As the practice of law has expanded over the years more and more plaintiff firms have grown tremendously in size. Although most people have become accustomed to the large commercial defense firms having attorneys in the double or even triple digits, people are now noticing the plaintiff firms growing in size as well. There was once a time when the normal lawsuit involved a small firm going to bat against the large defense firm in a David v. Goliath type match. Just recall the movie “Class Action.” Today, I sometimes hesitate to refer to the practice of law as a “practice” instead of a “business” because there are so many firms, many of which are enormous in size.

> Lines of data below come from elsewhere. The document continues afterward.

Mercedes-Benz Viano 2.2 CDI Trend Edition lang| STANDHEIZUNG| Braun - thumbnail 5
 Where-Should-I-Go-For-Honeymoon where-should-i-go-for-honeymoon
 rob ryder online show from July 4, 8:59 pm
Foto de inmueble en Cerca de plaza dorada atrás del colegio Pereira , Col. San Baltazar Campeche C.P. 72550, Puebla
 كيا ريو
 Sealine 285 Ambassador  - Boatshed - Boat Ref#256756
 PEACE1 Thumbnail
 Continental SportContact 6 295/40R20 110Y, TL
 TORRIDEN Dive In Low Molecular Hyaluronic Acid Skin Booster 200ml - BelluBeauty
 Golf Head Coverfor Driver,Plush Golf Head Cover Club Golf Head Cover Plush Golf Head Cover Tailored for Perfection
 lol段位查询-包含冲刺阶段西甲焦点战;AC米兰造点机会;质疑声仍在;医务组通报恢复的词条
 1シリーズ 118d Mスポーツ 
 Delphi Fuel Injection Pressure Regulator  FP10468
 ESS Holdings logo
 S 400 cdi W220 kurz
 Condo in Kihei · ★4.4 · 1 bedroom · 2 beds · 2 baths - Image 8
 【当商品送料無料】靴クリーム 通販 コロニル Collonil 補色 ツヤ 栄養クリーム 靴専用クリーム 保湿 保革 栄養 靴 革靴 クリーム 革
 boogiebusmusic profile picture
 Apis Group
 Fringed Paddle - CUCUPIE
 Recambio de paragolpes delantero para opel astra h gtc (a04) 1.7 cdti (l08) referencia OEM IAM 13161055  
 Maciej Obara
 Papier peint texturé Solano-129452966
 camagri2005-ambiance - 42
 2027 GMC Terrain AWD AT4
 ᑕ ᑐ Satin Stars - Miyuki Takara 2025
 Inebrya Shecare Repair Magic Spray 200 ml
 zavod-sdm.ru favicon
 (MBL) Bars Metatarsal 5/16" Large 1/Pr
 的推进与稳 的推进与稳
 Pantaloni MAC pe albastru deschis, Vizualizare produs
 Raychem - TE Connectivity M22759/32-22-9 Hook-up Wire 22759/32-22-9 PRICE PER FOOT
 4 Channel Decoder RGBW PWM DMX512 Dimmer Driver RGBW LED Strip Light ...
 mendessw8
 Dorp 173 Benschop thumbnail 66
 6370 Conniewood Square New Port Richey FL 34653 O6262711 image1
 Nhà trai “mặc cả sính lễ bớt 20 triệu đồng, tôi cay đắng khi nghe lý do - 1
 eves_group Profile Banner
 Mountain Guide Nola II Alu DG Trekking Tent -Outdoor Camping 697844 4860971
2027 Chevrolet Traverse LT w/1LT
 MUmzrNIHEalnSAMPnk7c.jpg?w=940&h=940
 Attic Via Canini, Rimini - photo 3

In any regard, the size of the plaintiff firm isn’t necessarily an indicator of the service and results you might receive.
The large and small plaintiff firms each have their respective advantages and disadvantages against one another. At the end of the day it really comes down to the client’s comfort level with the firm. The larger firms tend to have greater resources (i.e., money) to handle cases, however they also tend to take on a much higher volume of cases than the smaller firms do so their resources may spread thin from time to time. This can sometimes make the larger firms appear to look like “mills” as they handle large flows of cases on a regular basis.
The smaller firms, however, have to be a little more exclusive on which clients to represent as they bare a larger risk if the case goes sour. A smaller firm will also tend to provide the client with more customer service via direct contact with the attorney handling the case rather than the attorney’s paralegal. Larger plaintiff firms may also have a portion of staff focused solely on pre-litigation work and the other portion of staff focused on litigation. Some of the larger firms may even have a staff of lawyers who handle trial work in-house. The smaller firms can do all the same work as the larger firms, but may get caught up from time to time if their case load gets too large and demanding. Either way, the size of the firm and how many attorneys they have working in the office is by no means an indicator of how satisfied you would be with their work.
So, which is better? Neither. Its totally a factor of preference.